# Data for this task
┄┄┄┄┄┄┄┄┄┄
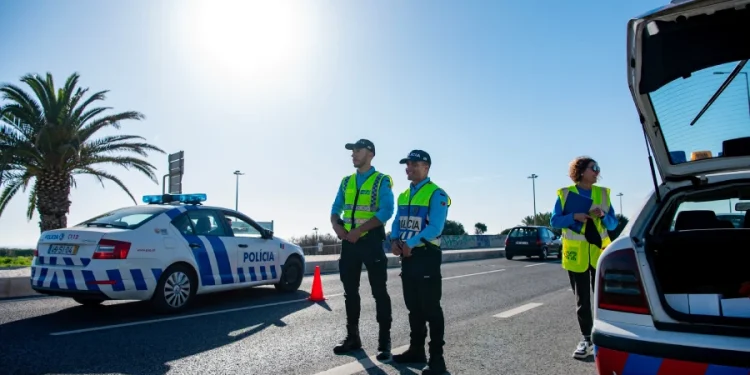 Due agenti di polizia stanno accanto a un'auto di pattuglia durante i controlli per i falsi tassisti negli aeroporti in portogallo. Un'altra macchina della polizia con la scritta policia è parcheggiata. Una terza persona, che indossa un giubbotto ad alta visibilità, tiene in mano un blocco per appunti.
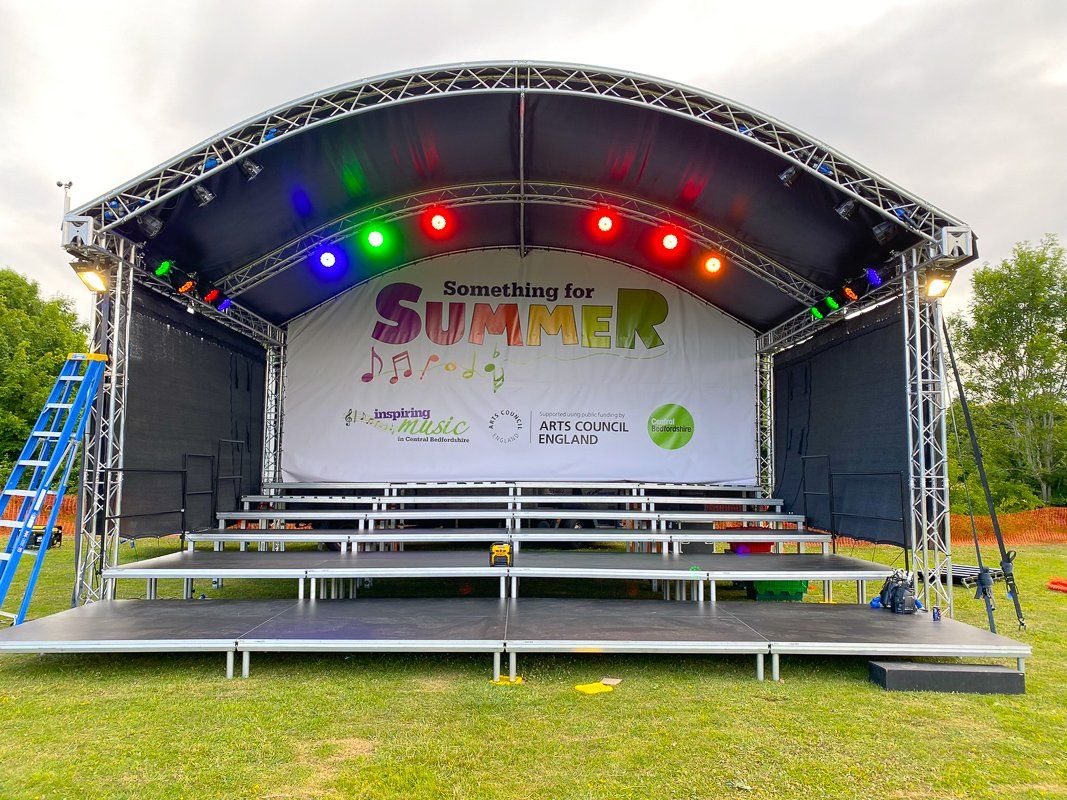 Arc roof stage set up for an outdoor event with lighting package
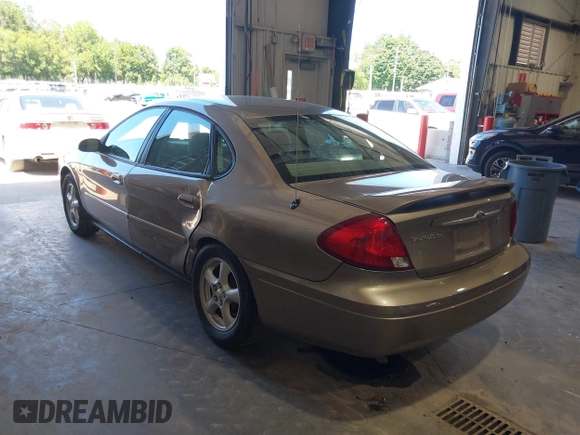 2003 Ford Taurus SE Standard with VIN 1FAFP53U13G229161, listed as a IAAI auction lot 39753697 with 94,195 mi miles. Bid and sale history available at carsss.com. Image 3.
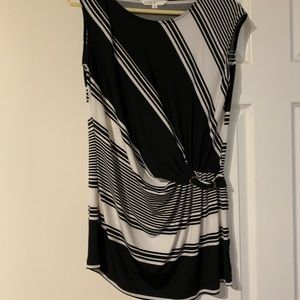 Silver buckle cinches at waist. Sleeveless black & White striped tunic in medium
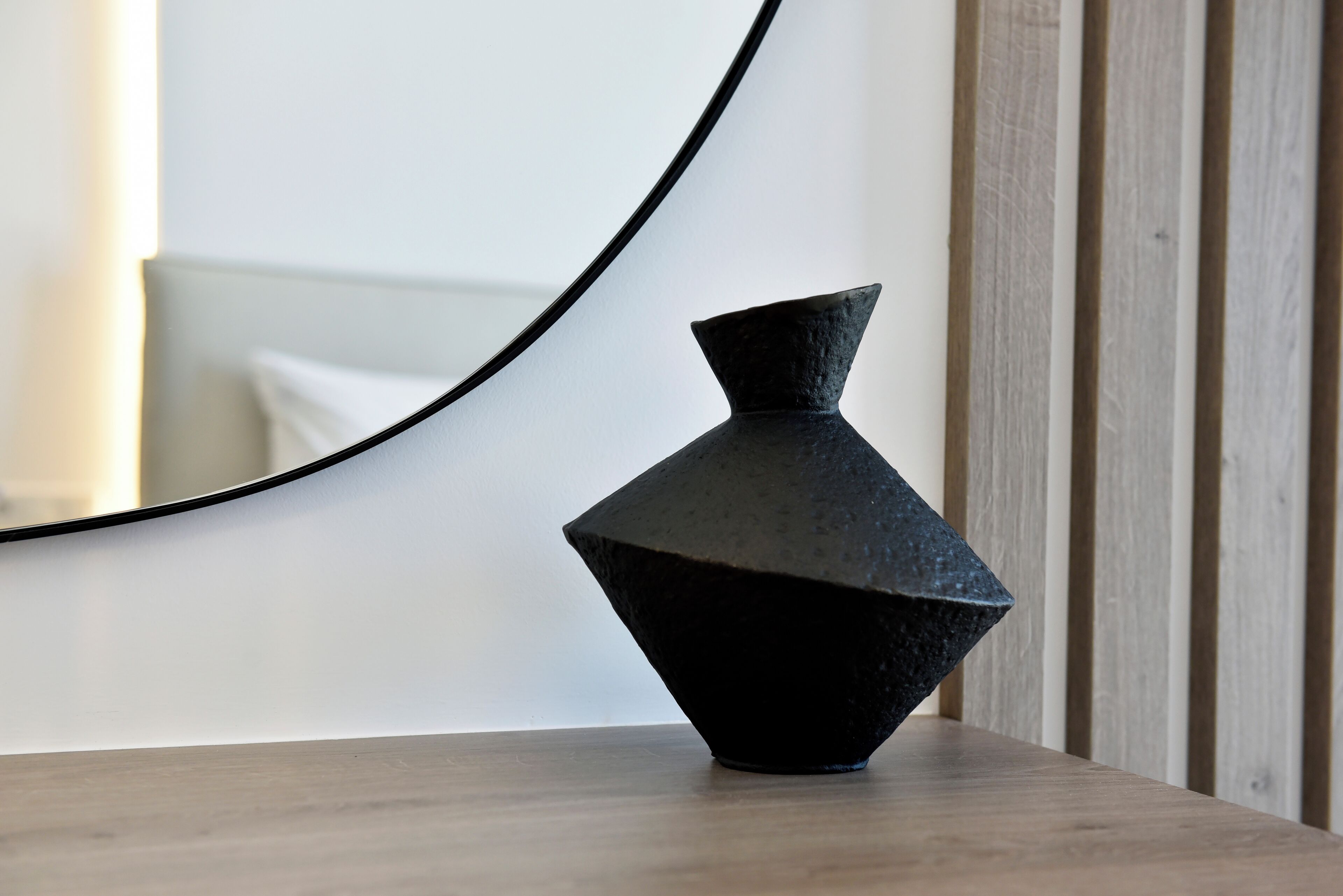 A black vase on a wooden table with a curved mirror reflecting a white wall and a wooden panel.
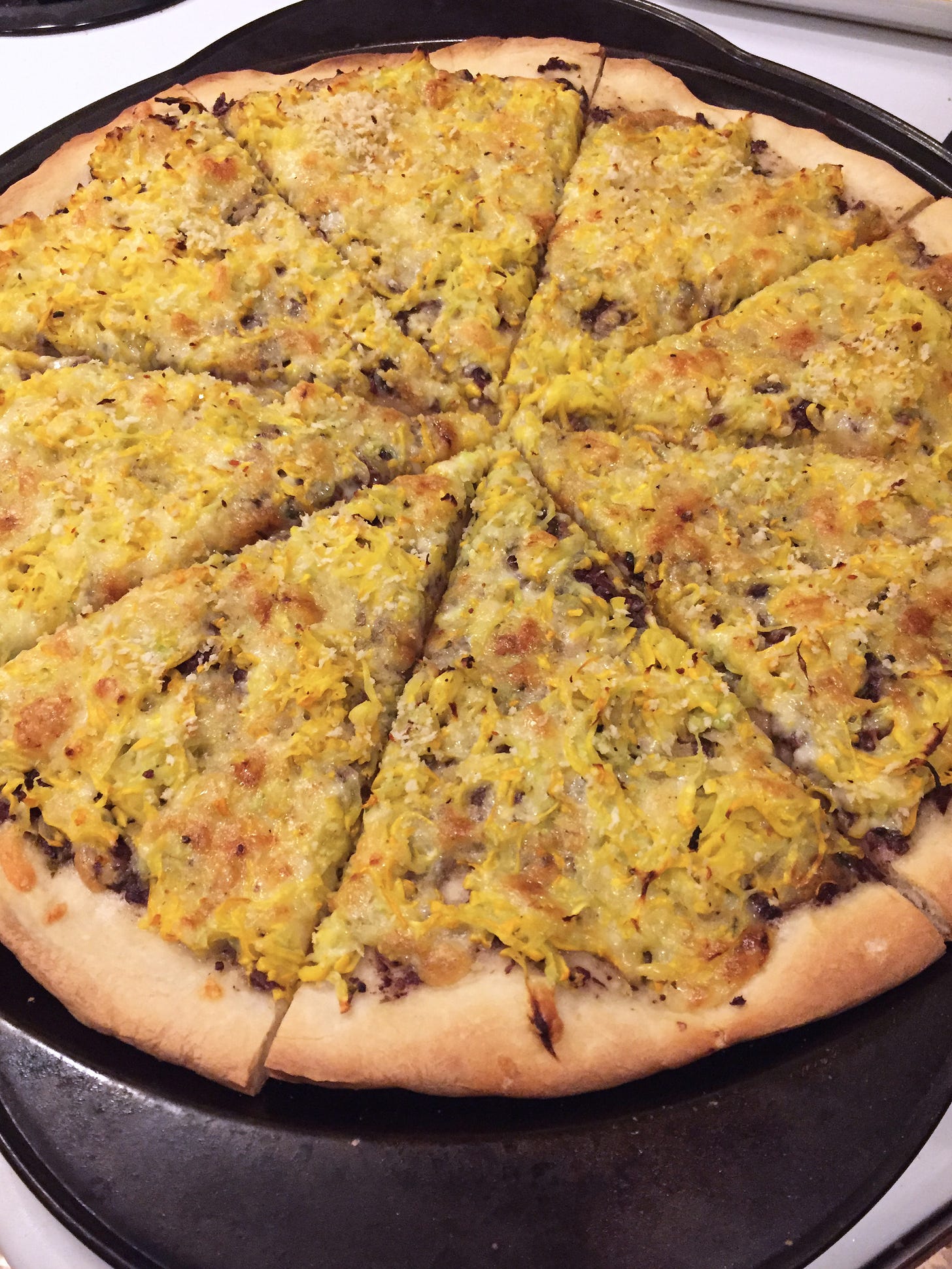 a large pizza sliced into pieces sits in its pan on the stove. Browned cheese and shreds of yellow zucchini cover the top, and bits of dark tapenade are visible in spots underneath, and at the edges.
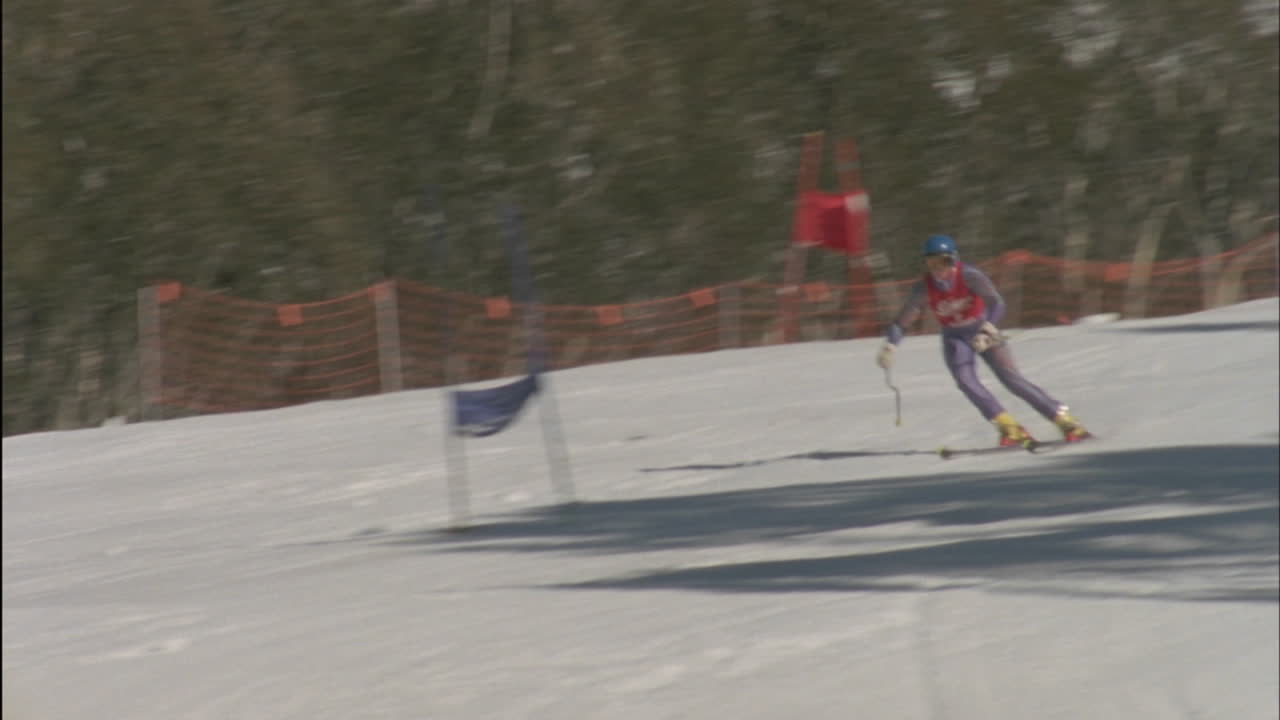 사람들이 지켜보는 가운데 스키어가 결승선에 도달합니다.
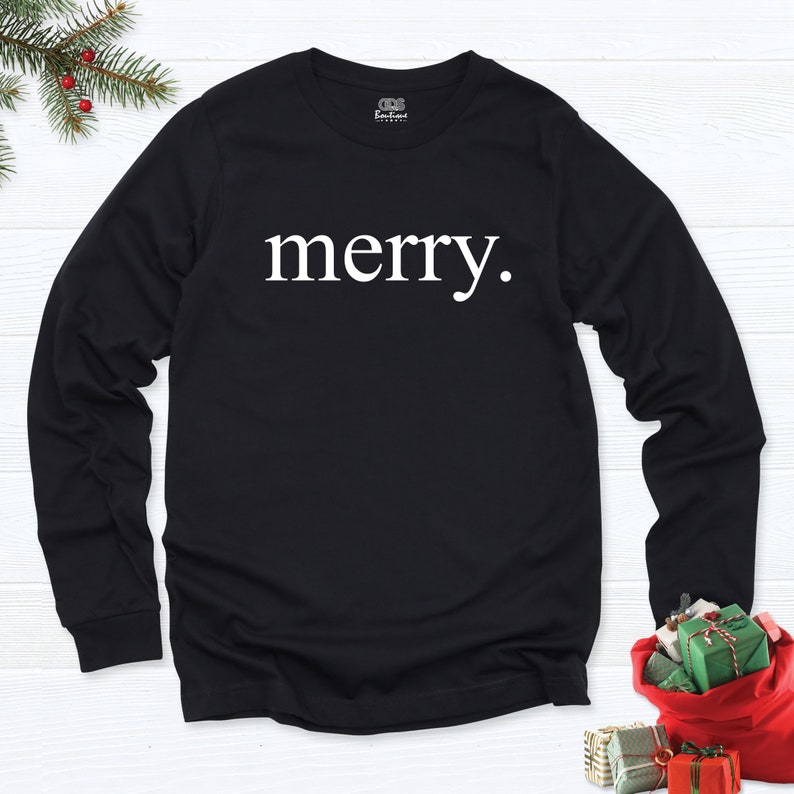 May include: Black long-sleeve t-shirt with the word "merry" printed in white on the front.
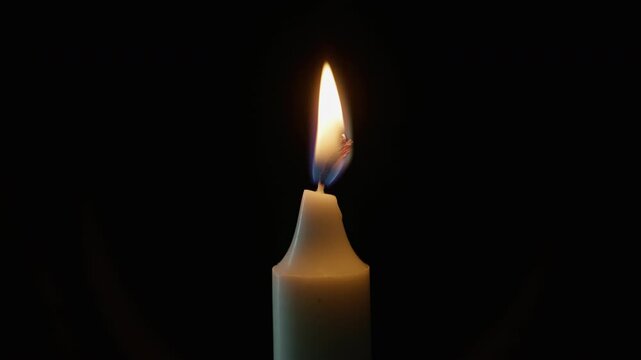 Glowing wax taper standing against shadowed backdrop closeup. Burning candle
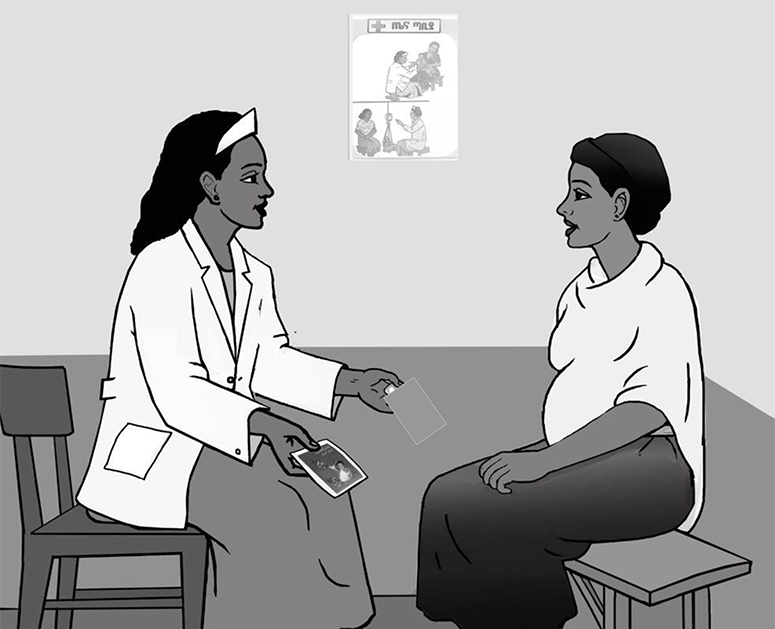 Mother makes time to speak with a healthcare worker.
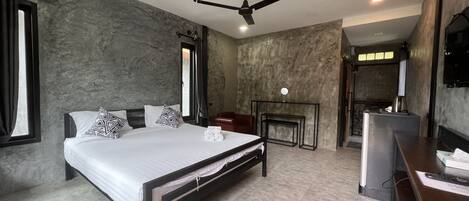 Una habitación de hotel moderna con una cama grande, un ventilador de techo, un televisor de pantalla plana y un pequeño rincón de estar con una mesa y sillas.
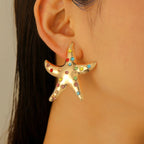 Gold starfish stud earrings with multicolor gemstone-like stones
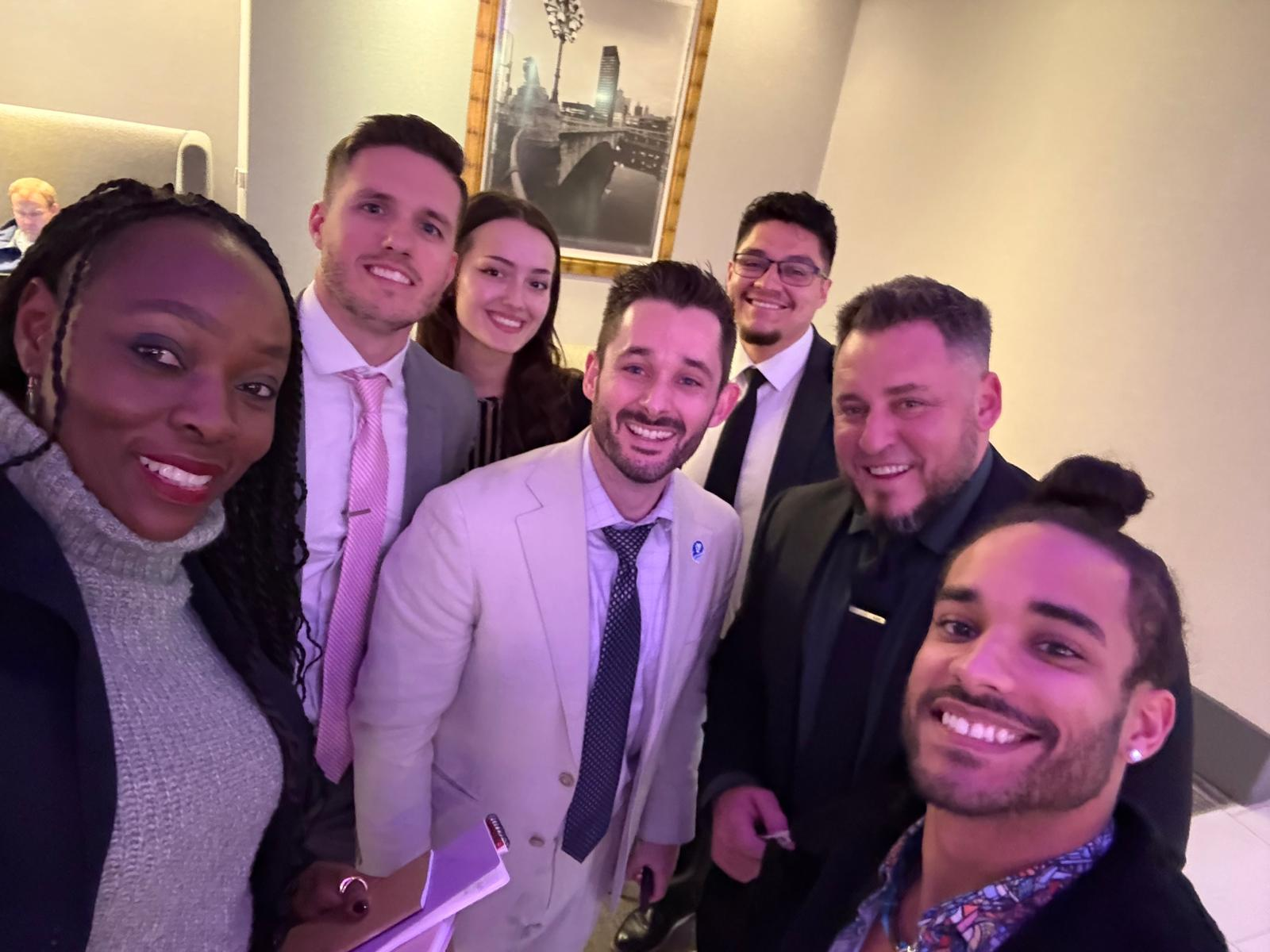 Seven professionally dressed colleagues smiling together for a group selfie at an indoor event.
┄┄┄┄┄┄┄┄┄┄
# Work instruction
Your answer must be an exact copy of the listing, minus its pictures.

# Result of the task
 Due agenti di polizia stanno accanto a un'auto di pattuglia durante i controlli per i falsi tassisti negli aeroporti in portogallo. Un'altra macchina della polizia con la scritta policia è parcheggiata. Una terza persona, che indossa un giubbotto ad alta visibilità, tiene in mano un blocco per appunti.
 Arc roof stage set up for an outdoor event with lighting package
 2003 Ford Taurus SE Standard with VIN 1FAFP53U13G229161, listed as a IAAI auction lot 39753697 with 94,195 mi miles. Bid and sale history available at carsss.com. Image 3.
 Silver buckle cinches at waist. Sleeveless black & White striped tunic in medium
 A black vase on a wooden table with a curved mirror reflecting a white wall and a wooden panel.
 a large pizza sliced into pieces sits in its pan on the stove. Browned cheese and shreds of yellow zucchini cover the top, and bits of dark tapenade are visible in spots underneath, and at the edges.
 사람들이 지켜보는 가운데 스키어가 결승선에 도달합니다.
 May include: Black long-sleeve t-shirt with the word "merry" printed in white on the front.
 Glowing wax taper standing against shadowed backdrop closeup. Burning candle
 Mother makes time to speak with a healthcare worker.
 Una habitación de hotel moderna con una cama grande, un ventilador de techo, un televisor de pantalla plana y un pequeño rincón de estar con una mesa y sillas.
 Gold starfish stud earrings with multicolor gemstone-like stones
 Seven professionally dressed colleagues smiling together for a group selfie at an indoor event.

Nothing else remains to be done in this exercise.